For people, it can mean two things:
#1 is a mental state of not being "at ease" or comfortable in an environment - some people feel malaise when they go into the room to take an exam, some people feel malaise when they go into an old house in the dark . . .

#2 is a medical term. It's a similar, vague, "not really feeling perfectly well" without being able to say "I have a headache" or "my stomach is upset" or anything like that - just feeling that something is not quite right, but not anything specific.

3. a complex of problems affecting a country, economy, etc: Bulgaria's economic malaise.

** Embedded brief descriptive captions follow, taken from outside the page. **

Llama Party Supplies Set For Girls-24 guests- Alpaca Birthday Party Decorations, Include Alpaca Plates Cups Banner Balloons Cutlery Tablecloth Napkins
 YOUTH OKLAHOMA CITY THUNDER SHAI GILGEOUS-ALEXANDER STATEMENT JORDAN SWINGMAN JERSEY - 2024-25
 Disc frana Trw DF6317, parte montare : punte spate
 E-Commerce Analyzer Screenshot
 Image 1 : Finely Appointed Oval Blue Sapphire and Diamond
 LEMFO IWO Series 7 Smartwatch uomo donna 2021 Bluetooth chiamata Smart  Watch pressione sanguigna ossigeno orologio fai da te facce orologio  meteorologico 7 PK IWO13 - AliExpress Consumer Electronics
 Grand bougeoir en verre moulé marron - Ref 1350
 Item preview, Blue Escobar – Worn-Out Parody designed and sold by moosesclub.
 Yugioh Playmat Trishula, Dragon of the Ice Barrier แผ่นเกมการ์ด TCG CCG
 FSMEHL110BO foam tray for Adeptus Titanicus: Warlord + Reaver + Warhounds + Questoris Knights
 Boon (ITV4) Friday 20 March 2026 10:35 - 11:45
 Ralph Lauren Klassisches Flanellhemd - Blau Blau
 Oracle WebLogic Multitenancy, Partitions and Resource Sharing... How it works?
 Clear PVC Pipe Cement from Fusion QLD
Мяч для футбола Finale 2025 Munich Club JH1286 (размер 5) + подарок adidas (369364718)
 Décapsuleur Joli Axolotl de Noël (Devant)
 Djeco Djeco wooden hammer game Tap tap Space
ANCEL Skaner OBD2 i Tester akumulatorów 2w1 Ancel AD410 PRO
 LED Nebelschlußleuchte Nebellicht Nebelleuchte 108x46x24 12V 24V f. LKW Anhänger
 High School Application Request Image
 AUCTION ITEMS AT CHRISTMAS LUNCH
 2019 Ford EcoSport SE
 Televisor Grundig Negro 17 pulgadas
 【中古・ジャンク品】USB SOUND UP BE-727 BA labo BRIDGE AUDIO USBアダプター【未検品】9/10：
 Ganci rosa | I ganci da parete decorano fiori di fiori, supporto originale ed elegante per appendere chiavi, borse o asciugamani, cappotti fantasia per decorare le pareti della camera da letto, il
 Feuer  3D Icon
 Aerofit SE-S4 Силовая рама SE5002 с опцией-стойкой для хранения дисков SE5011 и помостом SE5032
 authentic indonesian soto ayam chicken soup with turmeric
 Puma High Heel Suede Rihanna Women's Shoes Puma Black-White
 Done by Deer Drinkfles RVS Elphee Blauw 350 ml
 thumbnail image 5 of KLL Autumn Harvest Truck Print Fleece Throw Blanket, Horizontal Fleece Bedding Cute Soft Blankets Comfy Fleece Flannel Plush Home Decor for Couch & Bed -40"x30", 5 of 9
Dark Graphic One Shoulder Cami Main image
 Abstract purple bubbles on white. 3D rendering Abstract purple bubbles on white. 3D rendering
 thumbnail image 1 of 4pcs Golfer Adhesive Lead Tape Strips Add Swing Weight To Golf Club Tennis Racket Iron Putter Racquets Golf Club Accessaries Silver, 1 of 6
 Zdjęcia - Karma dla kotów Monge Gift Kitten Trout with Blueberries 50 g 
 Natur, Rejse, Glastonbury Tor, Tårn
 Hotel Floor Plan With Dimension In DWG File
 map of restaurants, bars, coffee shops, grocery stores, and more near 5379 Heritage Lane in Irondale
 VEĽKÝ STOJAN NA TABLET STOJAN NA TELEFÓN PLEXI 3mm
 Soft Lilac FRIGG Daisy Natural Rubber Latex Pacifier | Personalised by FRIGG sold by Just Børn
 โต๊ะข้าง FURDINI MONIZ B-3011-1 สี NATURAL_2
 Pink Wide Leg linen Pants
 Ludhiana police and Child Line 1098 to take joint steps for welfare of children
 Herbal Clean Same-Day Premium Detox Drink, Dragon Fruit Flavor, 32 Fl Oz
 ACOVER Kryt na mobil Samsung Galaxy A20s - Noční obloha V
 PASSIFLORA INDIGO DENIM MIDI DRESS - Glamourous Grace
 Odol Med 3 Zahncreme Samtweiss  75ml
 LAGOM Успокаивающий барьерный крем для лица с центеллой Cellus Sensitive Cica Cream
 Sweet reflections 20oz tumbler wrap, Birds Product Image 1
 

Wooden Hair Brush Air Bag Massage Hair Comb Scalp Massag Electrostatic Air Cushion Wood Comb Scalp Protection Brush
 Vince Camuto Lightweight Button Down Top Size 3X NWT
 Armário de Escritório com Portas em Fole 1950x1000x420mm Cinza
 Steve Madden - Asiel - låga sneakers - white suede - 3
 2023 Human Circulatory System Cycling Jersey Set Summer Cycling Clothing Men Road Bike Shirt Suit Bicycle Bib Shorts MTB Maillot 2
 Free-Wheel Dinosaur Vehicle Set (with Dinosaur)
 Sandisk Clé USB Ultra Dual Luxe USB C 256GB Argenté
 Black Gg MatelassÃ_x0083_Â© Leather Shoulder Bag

For a country or state or society, it is all the problems and difficulties acting together which are causing some overall bad situation.

For example, imagine a country which was doing well, vigorous economy, very productive industry (so more jobs than people wanting a job), no unemployment problem, everyone able to afford their own home or to rent if they wish to, an education system which allowed anyone to rise to the level they wish to.
Then a government comes into power which has people who either don't know how to manage, or who are only interested in profits for themselves.
Trade with other nations is blocked by an increase in taxes, so exports drop, so factories have to close, so people are unemployed, so they can't buy so much, so more factories have to close, people can't afford homes, more industries close down, so there's more unemployment . . .
That whole "general bad situation" is malaise (specifically economic malaise) - when it gets to the point at which the country becomes one of the top drug-users on the planet, having the highest percentage of criminals in its population, illiteracy rife, people in fear of each other - then it is a general malaise.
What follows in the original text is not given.